20
$\begingroup$

Suppose there is a grid $[1,N]^2$. A person standing at some initial point $(x_0,y_0)$ walk randomly within the grid. At each location, he/she walks to a neighboring location with equal probability (e.g., for an interior point, the probability is $\frac{1}{4}$; for a corner, it's $\frac{1}{2}$.). Suppose there are $m$ absorbing barriers $B=\{(x_1,y_1),\cdots,(x_m,y_m)\}$ inside the grid. Once the person is on a barrier, the random walk process stops. I'd like to ask how to calculate the hitting probability and the expected number of steps for each barrier.

Edit: The problem can be transformed into a Markov chain. But the expected hitting time for each absorbing state is still not easy to calculate.

$\endgroup$
4
  • 2
    $\begingroup$ interesting question, where is it from and have you made any progress? $\endgroup$ Jan 20, 2020 at 19:26
  • 1
    $\begingroup$ This was endorsed in the Pearl Dive. $\endgroup$ Jul 13, 2021 at 7:28
  • $\begingroup$ Is the "expected number of steps for each barrier" conditioned on that barrier actually being the one hit? It seems to me like this would be solved by dynamic programming, by considering each barrier in a system with the other barriers removed. I believe there may be a theorem that since the state space is finite, iterating over the states in any fixed order will converge to the solution, but I'm not sure, it has been a while since I've done any dynamic programming. $\endgroup$
    – Joe
    Jul 13, 2021 at 12:51
  • $\begingroup$ @Joe Feel free to start with the case $m=1$ when your concern is moot (if I got it right).
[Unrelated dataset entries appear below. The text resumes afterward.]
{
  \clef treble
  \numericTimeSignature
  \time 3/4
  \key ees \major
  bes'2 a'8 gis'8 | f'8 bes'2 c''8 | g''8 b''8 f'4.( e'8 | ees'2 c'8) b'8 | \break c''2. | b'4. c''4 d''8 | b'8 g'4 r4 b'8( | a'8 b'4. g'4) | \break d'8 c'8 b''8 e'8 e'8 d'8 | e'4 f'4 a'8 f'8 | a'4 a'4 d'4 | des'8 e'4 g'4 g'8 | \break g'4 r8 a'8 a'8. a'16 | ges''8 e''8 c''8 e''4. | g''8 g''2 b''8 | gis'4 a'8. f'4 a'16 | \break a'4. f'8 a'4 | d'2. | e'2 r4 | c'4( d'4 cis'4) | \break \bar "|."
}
It looks like this problem must be enjoyed slowly :-) $\endgroup$ Jul 13, 2021 at 15:54

2 Answers 2

6
+500
$\begingroup$

As mentioned in the edit, this can be represented as a Markov chain - in particular, a discrete time Markov chain on a finite state space, which is absorbing.

For much of the answer below, my reference is "Grinstead and Snell's Introduction to Probability", currently located at this link https://math.dartmouth.edu/~prob/prob/prob.pdf

For such a Markov chain, the states which are not absorbing are called transient. If there are $t$ transient states (for the posted problem, $t=N^2 - m$) and $r$ absorbing states (for the posted problem, $r=m$), it is common to order the states so that the transient states are first, so that the probability transition matrix is in block form as:

$$ P = \begin{bmatrix} Q & R\\ 0 & I_r \end{bmatrix} $$

Here $Q$ is $t \times t$, $R$ is $t \times r$, $0$ is the $r \times t$ zero matrix, and $I_r$ is the $r \times r$ identity matrix.
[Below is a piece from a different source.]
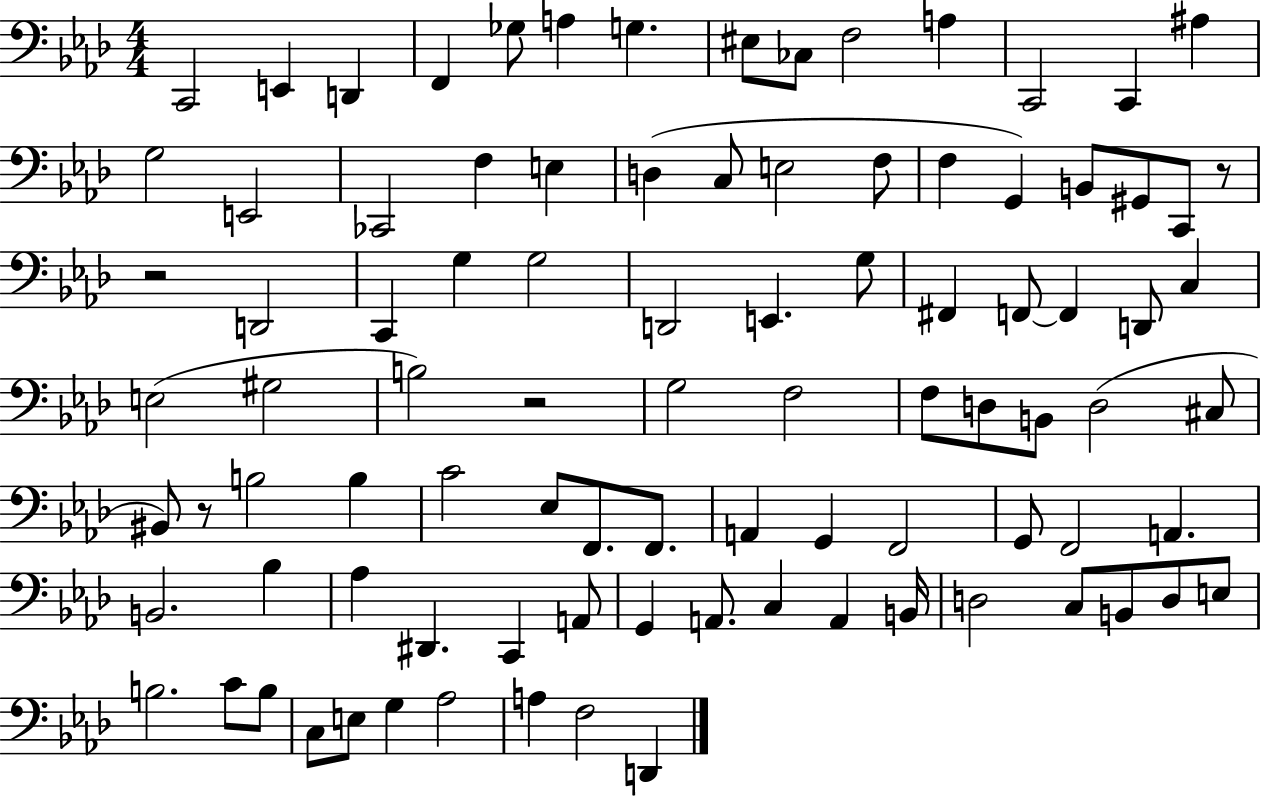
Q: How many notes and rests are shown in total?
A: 93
It is known that the $i,j$ entry of the "fundamental" matrix $N = (I_t - Q)^{-1}$ is the expected number of times that the chain will visit transient state $j$ if it started in transient state $i$.
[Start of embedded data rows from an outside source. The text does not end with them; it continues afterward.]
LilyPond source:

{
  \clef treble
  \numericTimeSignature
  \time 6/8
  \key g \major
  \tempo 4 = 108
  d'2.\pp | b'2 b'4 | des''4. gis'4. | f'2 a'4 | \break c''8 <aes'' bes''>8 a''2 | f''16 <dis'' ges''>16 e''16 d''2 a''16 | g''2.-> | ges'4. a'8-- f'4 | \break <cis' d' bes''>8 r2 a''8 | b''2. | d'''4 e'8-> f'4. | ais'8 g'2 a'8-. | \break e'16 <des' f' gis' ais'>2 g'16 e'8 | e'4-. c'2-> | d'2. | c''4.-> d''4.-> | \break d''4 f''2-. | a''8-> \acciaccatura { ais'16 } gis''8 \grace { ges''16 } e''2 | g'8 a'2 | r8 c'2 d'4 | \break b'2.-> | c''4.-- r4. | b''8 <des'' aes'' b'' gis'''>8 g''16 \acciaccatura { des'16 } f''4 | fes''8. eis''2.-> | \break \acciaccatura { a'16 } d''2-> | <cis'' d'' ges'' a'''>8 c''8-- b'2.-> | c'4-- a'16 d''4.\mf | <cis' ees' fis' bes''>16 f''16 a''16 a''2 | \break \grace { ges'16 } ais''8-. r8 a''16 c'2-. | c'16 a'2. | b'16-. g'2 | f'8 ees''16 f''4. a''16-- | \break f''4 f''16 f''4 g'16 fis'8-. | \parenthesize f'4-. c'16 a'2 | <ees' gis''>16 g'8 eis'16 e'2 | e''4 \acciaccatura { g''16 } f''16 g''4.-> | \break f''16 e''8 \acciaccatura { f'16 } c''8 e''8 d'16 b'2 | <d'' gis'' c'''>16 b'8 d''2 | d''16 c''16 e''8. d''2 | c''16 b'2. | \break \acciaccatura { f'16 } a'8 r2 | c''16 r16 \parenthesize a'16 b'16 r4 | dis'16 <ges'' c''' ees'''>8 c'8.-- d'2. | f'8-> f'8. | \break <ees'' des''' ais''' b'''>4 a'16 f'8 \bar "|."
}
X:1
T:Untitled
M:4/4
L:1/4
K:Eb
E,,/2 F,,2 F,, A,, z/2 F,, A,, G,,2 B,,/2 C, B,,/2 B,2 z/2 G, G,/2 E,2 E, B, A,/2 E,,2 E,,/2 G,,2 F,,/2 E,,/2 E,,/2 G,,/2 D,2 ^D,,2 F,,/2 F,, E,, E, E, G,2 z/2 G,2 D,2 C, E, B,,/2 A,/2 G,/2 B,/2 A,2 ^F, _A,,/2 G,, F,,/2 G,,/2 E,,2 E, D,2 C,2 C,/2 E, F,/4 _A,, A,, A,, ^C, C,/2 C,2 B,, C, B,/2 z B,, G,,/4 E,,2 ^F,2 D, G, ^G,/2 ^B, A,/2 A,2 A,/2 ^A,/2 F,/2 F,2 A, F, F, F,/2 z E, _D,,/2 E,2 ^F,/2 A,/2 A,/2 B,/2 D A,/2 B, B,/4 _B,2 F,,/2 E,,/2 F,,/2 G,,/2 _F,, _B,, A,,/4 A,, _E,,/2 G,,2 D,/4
Therefore, the sum of the $i^\mathrm{th}$ row of $N$ is the expected number of steps before being absorbed, if starting in transient state $i$.

The probability of being absorbed into absorbing state $j$, $1\le j \le r$, if the chain started in transient state $i$, is the $i,j$ entry of $B = NR$.

As for "the expected number of steps for each barrier", if the chain starts in a transient state $i$ that has a nonzero probability of not hitting a particular absorbing state $j$, then I believe the interpretation of the "expected number of steps to hit that barrier" would be infinity, since there is a positive probability that it will never hit the barrier.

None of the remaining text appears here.